E-ticaretin lüks marka pazarındaki payını ikiye katlaması ve sosyal medyanın her lüks marka için vazgeçilmez çevrimiçi pazarlama stratejisi haline gelmesi gündemken, Bottega Veneta Instagram, Facebook ve Twitter hesaplarını hiçbir açıklama yapmadan kapattı. Moda sahnesi şaşkına döndü. Daha yeni global sosyal medya yöneticisi arıyorlardı ve sonra aniden her platformdan kendilerini çektiler. Bu hamleyi SS2021 koleksiyonunun yayınlanmasından hemen önce yapmaları ise insanların bunun sadece bir pazarlama oyunu olup olmadığını sorgulamalarına neden oldu. Niyet bu olsun ya da olmasın, bu hamle işe yarıyor. Bottega’ya dair şimdi herkes tartışıyor.

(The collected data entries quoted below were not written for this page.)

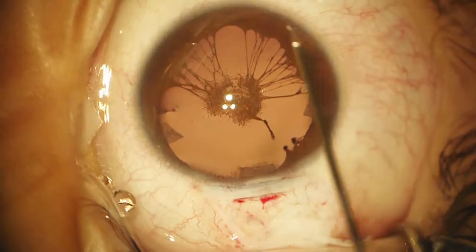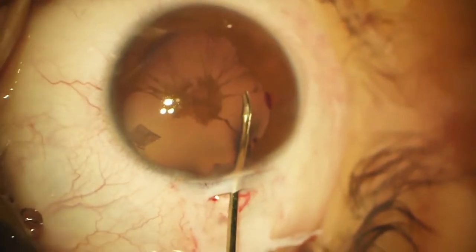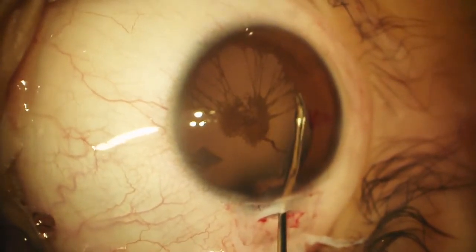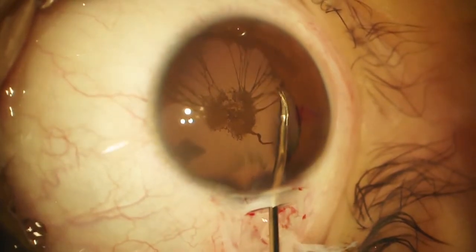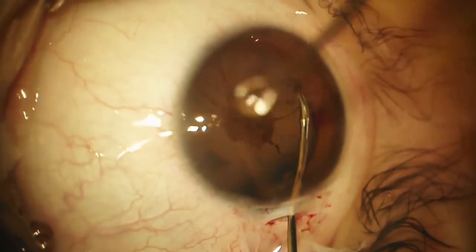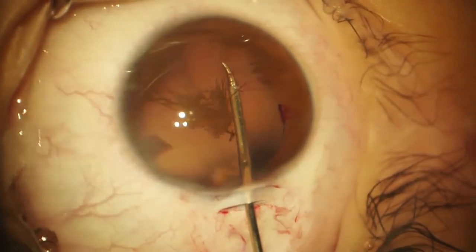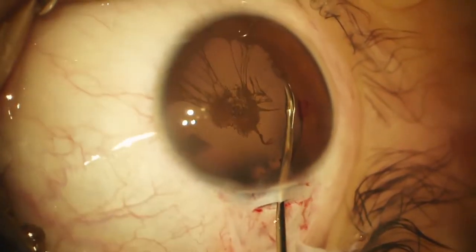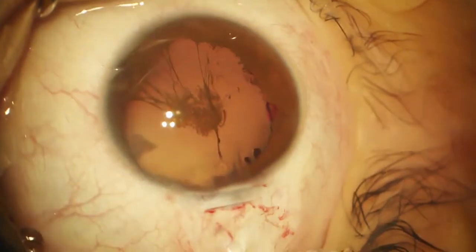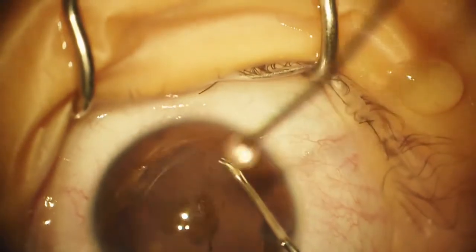These are disposable micro scissors with very tiny little blades. We're just going to walk around and cut all the strands off right at the edge of the pupil. We have to be very careful to avoid hitting the capsule, so I'm lifting up every time I make a cut. One left over on this side. The scissors is so small that it will fit through a paracentesis.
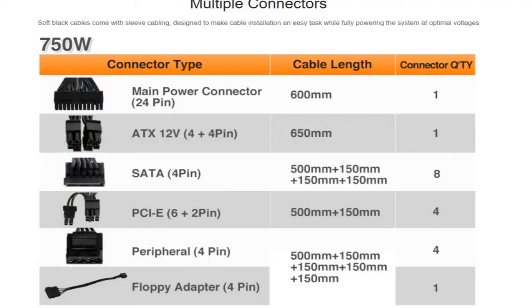It comes with a 24-pin main power connector, an ATX 12-volt 4+4 for your motherboard, eight SATA connectors, four PCIe 6+2 connectors — I'll have to investigate that more — four 4-pin Molex connectors, and one 4-pin floppy adapter.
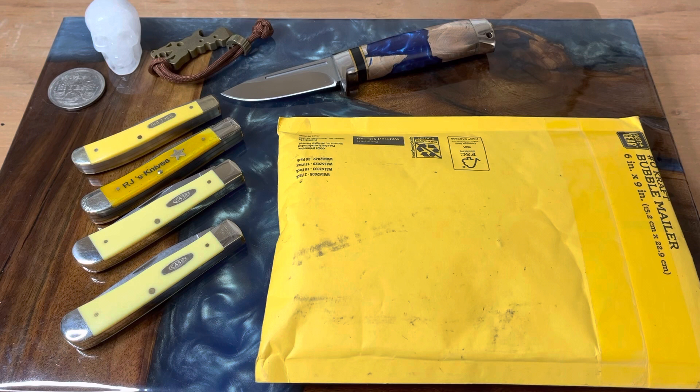Hey guys, welcome back to the channel. We're going to interrupt Fixed Blade Friday — we're going to have a Fun Knife Friday, and this is a Fun Knife Friday unboxing.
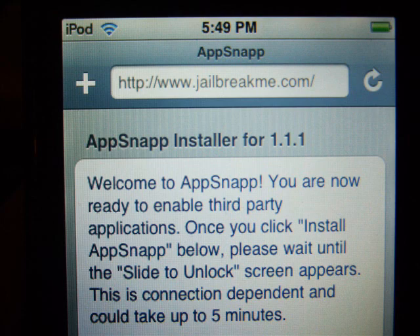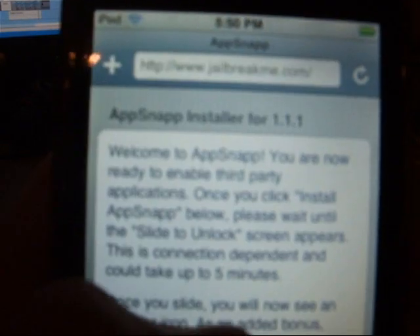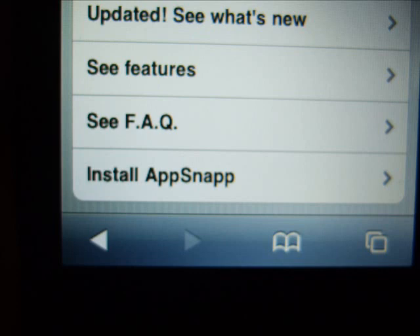It should bring you to a page that looks kind of like this. Scroll down to the bottom and you should see 'Install' or 'App Snap' — click it. Once you click it, Safari should crash and it should go to your dock screen and should say something like this.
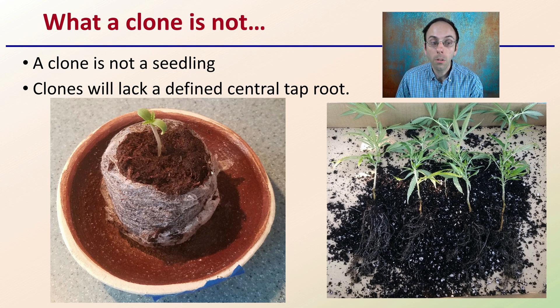They still can produce an aggressive set of roots, but they will lack that central taproot. So it's important to realize that if you're growing clones versus seedlings, you are not going to have that central taproot with clones as you would if you were starting with a young seedling.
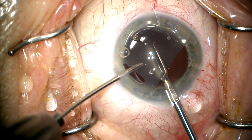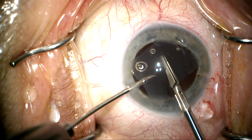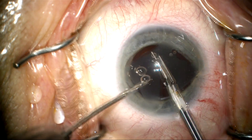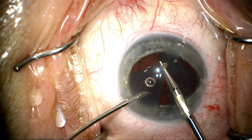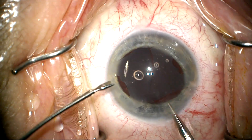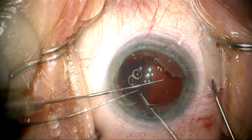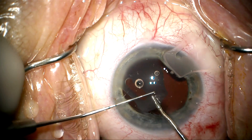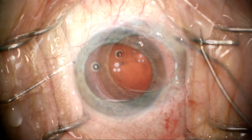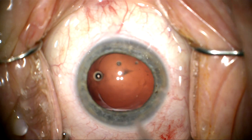Here we're holding the lens, and it cuts very easily with the 19-gauge Packer-Chang micro scissor. We go completely through the lens and can remove it in two pieces quite easily through the relatively small incision. I'm going to protect the back of the cornea as I pull this out — that's something I always do to make sure nothing kicks up and hits the endothelium.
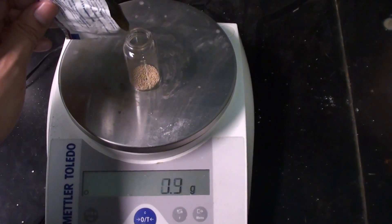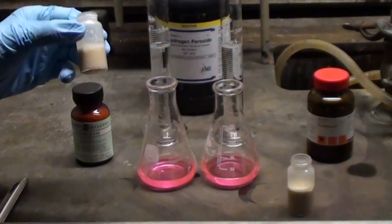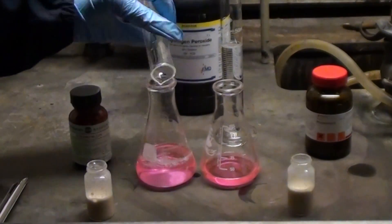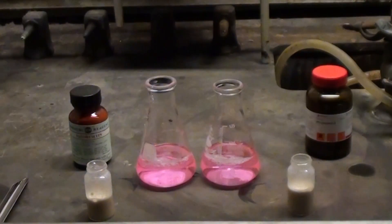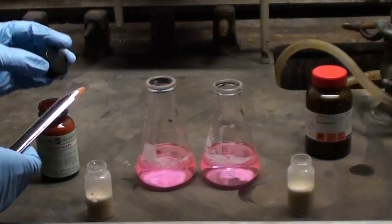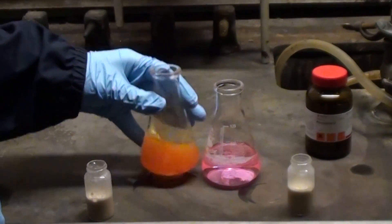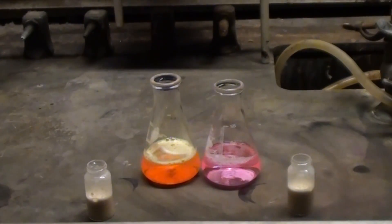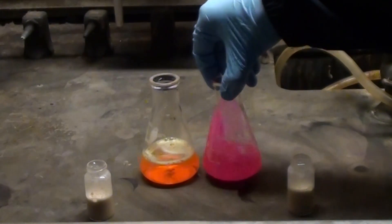Just weigh out 10g again and dissolve it in a minimum of water to form a suspension. For this one we can add some fluorescent dye and make glowing elephant toothpaste. I'm going to add some fluorescein to give it a green glow, and rhodamine B on the other one to give it a red glow. Okay, let's mix those up.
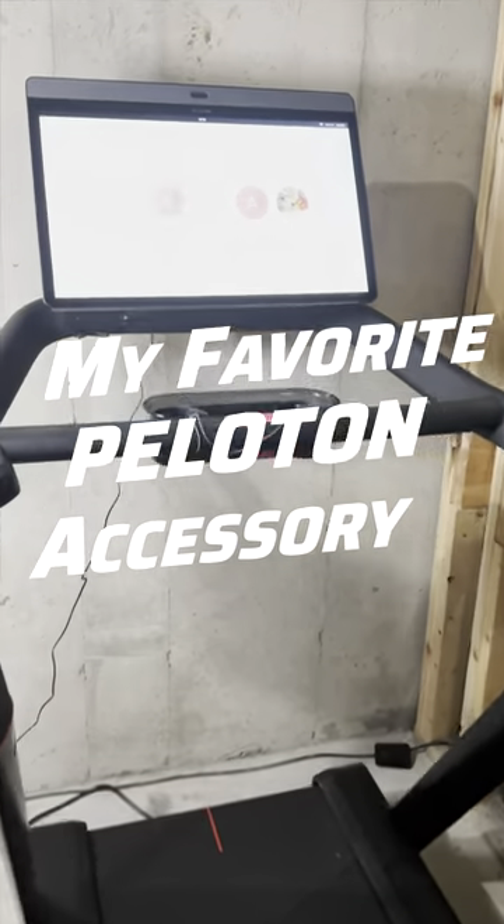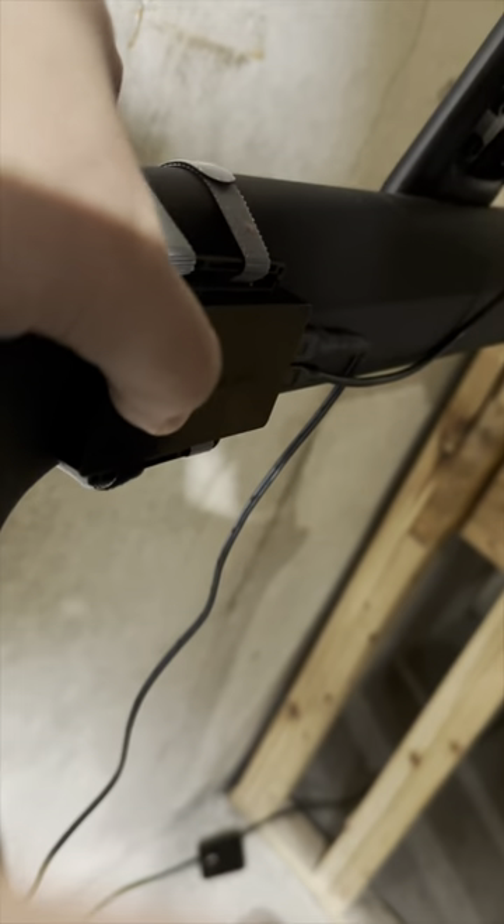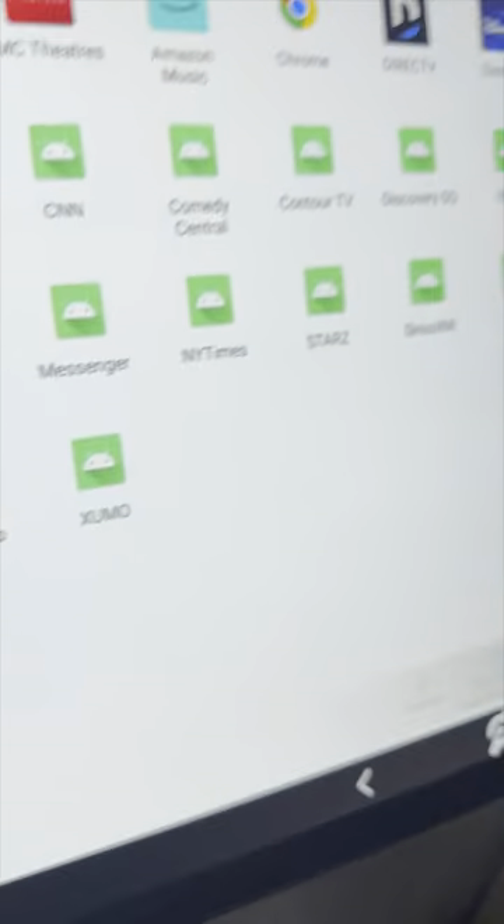I want to show you guys my favorite product for a Peloton, and it's called the Fit Switch. Here's what it does. Here's my Peloton — everything looks normal. You reach behind it here, click the button on this little box, and just like that, you have all of these streaming apps available to you.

Bottega’nın bu cesur hareketi aslında oldukça mantıklı. Kreatif direktör Daniel Lee, Celine’de de çalışırken Instagram’a katılan son markaydılar. Kendisinin de bir instagram hesabı yok. Onun bu işlere inanmadığı çok açık. Üstelik lüks markaların temel felsefesine baktığımızda, aşırı göz önünde olmak bir amaç değil. Sonuç olarak, lüks markalar, lüks ve özel olmak isteyen insanlar için varlar. Bottega da bu felsefeye sahip. Herhangi bir nüfuza ihtiyaçları yok, bunu umursamıyorlar da. Bottega gibi lüks markaları gerçekten satın alabilen insanlar da markanın sosyal medya gönderilerini umursamıyor ve bir markanın sunduğu kişiselleştirilmiş deneyimle daha fazla ilgileniyorlar.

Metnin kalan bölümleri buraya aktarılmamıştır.